------ Stored data ------

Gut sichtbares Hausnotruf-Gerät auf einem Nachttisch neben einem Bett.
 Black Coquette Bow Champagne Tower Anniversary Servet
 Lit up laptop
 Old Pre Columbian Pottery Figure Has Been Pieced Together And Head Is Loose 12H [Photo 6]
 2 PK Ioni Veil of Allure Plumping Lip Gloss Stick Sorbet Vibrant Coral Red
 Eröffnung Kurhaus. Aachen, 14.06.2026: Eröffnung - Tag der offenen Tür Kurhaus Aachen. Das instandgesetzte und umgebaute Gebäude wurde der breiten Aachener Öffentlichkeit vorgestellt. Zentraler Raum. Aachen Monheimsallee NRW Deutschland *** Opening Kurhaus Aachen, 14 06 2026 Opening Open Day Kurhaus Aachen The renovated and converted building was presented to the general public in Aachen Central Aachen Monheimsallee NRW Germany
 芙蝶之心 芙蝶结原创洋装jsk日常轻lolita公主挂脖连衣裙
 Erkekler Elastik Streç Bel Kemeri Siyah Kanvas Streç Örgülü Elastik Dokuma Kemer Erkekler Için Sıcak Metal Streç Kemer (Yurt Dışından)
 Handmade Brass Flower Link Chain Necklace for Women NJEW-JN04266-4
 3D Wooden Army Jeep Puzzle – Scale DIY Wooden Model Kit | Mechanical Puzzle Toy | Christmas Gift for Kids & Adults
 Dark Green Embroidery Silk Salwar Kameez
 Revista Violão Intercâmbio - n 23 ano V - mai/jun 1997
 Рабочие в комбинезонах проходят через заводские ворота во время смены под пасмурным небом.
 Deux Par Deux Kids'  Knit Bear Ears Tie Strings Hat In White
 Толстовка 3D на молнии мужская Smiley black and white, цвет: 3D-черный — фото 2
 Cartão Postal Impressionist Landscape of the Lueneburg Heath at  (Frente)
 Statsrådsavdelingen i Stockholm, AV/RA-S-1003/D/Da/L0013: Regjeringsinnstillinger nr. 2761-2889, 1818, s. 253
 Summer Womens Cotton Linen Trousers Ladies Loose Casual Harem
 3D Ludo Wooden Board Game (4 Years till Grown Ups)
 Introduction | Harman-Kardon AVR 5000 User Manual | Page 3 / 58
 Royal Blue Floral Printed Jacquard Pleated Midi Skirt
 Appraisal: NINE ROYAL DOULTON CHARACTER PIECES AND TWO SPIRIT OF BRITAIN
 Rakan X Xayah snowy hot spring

------

Aim of the exercise =
Return the complete material exactly as it appears.

Reply to the task =
Gut sichtbares Hausnotruf-Gerät auf einem Nachttisch neben einem Bett.
 Black Coquette Bow Champagne Tower Anniversary Servet
 Lit up laptop
 Old Pre Columbian Pottery Figure Has Been Pieced Together And Head Is Loose 12H [Photo 6]
 2 PK Ioni Veil of Allure Plumping Lip Gloss Stick Sorbet Vibrant Coral Red
 Eröffnung Kurhaus. Aachen, 14.06.2026: Eröffnung - Tag der offenen Tür Kurhaus Aachen. Das instandgesetzte und umgebaute Gebäude wurde der breiten Aachener Öffentlichkeit vorgestellt. Zentraler Raum. Aachen Monheimsallee NRW Deutschland *** Opening Kurhaus Aachen, 14 06 2026 Opening Open Day Kurhaus Aachen The renovated and converted building was presented to the general public in Aachen Central Aachen Monheimsallee NRW Germany
 芙蝶之心 芙蝶结原创洋装jsk日常轻lolita公主挂脖连衣裙
 Erkekler Elastik Streç Bel Kemeri Siyah Kanvas Streç Örgülü Elastik Dokuma Kemer Erkekler Için Sıcak Metal Streç Kemer (Yurt Dışından)
 Handmade Brass Flower Link Chain Necklace for Women NJEW-JN04266-4
 3D Wooden Army Jeep Puzzle – Scale DIY Wooden Model Kit | Mechanical Puzzle Toy | Christmas Gift for Kids & Adults
 Dark Green Embroidery Silk Salwar Kameez
 Revista Violão Intercâmbio - n 23 ano V - mai/jun 1997
 Рабочие в комбинезонах проходят через заводские ворота во время смены под пасмурным небом.
 Deux Par Deux Kids'  Knit Bear Ears Tie Strings Hat In White
 Толстовка 3D на молнии мужская Smiley black and white, цвет: 3D-черный — фото 2
 Cartão Postal Impressionist Landscape of the Lueneburg Heath at  (Frente)
 Statsrådsavdelingen i Stockholm, AV/RA-S-1003/D/Da/L0013: Regjeringsinnstillinger nr. 2761-2889, 1818, s. 253
 Summer Womens Cotton Linen Trousers Ladies Loose Casual Harem
 3D Ludo Wooden Board Game (4 Years till Grown Ups)
 Introduction | Harman-Kardon AVR 5000 User Manual | Page 3 / 58
 Royal Blue Floral Printed Jacquard Pleated Midi Skirt
 Appraisal: NINE ROYAL DOULTON CHARACTER PIECES AND TWO SPIRIT OF BRITAIN
 Rakan X Xayah snowy hot spring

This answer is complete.